In the listing below, print exactly the lines between the line holding "For 00-03 honda" and the line holding "Estampes Pendentifs Plumes", inclusive, and no more.

[Entries supplied]
▬▬▬▬▬▬

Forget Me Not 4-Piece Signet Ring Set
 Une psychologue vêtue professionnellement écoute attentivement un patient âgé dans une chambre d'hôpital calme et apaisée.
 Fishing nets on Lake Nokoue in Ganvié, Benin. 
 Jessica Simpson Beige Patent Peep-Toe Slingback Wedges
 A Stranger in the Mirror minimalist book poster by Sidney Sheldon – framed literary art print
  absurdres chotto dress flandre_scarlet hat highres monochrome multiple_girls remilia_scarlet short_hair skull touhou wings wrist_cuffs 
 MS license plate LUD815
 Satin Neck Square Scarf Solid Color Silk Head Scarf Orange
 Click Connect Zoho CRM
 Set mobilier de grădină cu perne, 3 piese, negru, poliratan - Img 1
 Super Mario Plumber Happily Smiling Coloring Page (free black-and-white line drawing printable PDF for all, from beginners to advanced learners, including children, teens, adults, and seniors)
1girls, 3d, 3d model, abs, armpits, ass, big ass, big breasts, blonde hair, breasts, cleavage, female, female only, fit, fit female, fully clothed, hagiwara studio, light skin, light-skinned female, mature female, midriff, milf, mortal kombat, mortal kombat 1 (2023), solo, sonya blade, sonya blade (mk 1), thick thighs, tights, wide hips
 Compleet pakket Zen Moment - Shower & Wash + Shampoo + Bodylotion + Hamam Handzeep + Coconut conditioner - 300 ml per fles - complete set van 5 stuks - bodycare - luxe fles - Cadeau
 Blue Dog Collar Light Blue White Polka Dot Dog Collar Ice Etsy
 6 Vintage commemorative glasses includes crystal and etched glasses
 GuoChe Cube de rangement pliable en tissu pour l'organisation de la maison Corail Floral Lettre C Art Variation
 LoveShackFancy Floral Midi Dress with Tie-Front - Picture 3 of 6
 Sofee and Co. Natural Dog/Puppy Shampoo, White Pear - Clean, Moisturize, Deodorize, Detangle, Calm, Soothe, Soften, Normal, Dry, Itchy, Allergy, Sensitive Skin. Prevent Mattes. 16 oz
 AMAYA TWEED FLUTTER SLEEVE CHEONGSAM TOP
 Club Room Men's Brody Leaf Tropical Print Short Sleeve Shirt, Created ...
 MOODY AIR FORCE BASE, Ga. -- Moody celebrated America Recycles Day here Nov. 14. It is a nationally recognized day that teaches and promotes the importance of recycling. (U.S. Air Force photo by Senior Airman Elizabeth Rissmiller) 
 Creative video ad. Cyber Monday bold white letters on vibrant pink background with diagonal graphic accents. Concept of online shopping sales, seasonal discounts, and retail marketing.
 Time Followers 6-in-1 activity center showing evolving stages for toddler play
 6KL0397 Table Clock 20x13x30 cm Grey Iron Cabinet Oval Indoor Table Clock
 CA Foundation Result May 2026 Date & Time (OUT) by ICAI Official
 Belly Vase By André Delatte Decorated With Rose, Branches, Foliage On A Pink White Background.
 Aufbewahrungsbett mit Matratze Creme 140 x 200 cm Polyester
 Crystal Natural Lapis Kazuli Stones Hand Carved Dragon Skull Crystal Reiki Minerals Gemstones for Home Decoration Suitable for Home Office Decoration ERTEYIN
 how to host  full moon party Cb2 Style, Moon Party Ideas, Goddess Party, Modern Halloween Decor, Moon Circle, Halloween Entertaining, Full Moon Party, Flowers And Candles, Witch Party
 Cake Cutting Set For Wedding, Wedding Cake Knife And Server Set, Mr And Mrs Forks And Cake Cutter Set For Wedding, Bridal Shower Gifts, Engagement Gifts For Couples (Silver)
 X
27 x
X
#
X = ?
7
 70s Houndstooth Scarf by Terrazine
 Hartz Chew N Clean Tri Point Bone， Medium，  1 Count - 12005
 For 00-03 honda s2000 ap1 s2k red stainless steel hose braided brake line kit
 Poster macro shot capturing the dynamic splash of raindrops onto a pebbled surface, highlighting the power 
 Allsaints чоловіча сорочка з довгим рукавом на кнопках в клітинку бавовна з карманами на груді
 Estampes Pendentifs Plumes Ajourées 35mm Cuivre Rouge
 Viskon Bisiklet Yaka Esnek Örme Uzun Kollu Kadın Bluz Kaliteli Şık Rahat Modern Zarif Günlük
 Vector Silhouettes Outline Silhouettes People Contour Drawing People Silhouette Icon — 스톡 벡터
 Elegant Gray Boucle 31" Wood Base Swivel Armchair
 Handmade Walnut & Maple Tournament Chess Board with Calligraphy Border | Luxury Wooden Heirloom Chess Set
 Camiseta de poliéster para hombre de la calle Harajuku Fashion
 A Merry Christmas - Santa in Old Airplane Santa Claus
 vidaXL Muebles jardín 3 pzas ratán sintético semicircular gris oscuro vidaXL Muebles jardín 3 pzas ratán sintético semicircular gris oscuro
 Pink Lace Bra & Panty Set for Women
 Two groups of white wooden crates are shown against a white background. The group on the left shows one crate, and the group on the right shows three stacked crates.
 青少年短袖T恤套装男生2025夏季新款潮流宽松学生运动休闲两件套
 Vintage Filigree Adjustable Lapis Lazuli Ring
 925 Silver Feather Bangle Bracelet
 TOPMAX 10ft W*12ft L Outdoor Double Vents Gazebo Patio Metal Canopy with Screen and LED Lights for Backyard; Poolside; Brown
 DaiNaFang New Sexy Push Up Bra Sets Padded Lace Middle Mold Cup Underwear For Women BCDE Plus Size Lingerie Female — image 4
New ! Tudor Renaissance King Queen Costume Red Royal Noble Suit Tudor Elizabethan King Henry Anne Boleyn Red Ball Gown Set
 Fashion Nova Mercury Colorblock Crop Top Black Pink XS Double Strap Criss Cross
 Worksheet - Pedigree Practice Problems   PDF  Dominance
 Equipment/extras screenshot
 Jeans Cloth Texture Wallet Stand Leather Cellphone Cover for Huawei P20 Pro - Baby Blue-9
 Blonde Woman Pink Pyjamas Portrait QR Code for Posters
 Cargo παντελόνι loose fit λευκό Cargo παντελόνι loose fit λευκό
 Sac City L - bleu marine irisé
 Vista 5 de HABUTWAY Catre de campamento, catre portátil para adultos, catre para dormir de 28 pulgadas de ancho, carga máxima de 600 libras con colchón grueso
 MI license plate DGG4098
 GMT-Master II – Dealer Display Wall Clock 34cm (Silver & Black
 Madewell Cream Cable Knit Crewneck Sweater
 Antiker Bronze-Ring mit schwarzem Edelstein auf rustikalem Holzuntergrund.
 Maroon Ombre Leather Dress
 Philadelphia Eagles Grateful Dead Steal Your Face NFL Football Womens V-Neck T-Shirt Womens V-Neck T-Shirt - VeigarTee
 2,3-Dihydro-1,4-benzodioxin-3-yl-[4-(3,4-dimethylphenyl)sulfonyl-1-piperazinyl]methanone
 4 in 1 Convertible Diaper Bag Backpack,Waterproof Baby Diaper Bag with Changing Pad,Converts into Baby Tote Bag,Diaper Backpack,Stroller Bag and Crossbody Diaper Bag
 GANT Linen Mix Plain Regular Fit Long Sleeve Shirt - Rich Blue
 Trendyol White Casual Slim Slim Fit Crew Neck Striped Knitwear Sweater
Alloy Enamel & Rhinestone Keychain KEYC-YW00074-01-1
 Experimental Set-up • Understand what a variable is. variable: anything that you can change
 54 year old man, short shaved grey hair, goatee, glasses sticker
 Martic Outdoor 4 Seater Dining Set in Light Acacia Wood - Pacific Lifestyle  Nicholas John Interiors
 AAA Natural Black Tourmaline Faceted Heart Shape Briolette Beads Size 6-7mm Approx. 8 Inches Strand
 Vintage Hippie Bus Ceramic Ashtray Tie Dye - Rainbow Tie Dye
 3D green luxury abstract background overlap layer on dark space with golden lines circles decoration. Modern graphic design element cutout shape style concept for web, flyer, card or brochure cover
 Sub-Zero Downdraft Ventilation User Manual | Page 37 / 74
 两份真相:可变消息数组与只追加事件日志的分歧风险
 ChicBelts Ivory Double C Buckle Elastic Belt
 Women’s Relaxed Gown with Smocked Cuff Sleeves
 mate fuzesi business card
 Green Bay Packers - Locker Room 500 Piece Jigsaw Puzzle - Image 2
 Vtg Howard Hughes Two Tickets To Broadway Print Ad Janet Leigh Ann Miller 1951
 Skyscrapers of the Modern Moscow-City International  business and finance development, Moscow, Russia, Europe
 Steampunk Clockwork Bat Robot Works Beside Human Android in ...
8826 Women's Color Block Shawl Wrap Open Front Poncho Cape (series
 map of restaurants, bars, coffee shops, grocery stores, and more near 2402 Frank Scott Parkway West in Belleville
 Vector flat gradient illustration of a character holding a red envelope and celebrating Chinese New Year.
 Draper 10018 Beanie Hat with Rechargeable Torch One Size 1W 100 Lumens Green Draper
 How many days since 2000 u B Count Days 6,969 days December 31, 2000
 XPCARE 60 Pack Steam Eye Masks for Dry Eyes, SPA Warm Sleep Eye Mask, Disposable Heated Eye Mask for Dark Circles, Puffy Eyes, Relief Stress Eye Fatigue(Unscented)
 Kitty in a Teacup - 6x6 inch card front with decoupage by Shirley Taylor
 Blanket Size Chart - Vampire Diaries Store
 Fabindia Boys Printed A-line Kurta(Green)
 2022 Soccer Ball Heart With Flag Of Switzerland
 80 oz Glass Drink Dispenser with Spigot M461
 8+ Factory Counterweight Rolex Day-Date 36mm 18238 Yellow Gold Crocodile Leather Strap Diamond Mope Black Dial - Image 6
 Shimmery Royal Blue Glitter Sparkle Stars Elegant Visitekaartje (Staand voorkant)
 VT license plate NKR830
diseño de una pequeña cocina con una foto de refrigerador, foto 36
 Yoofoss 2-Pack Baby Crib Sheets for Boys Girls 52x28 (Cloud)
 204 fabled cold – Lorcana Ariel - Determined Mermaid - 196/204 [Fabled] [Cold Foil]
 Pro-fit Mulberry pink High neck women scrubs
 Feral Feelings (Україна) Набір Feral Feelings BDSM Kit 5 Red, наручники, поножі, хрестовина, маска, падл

▬▬▬▬▬▬

[Written solution]
 For 00-03 honda s2000 ap1 s2k red stainless steel hose braided brake line kit
 Poster macro shot capturing the dynamic splash of raindrops onto a pebbled surface, highlighting the power 
 Allsaints чоловіча сорочка з довгим рукавом на кнопках в клітинку бавовна з карманами на груді
 Estampes Pendentifs Plumes Ajourées 35mm Cuivre Rouge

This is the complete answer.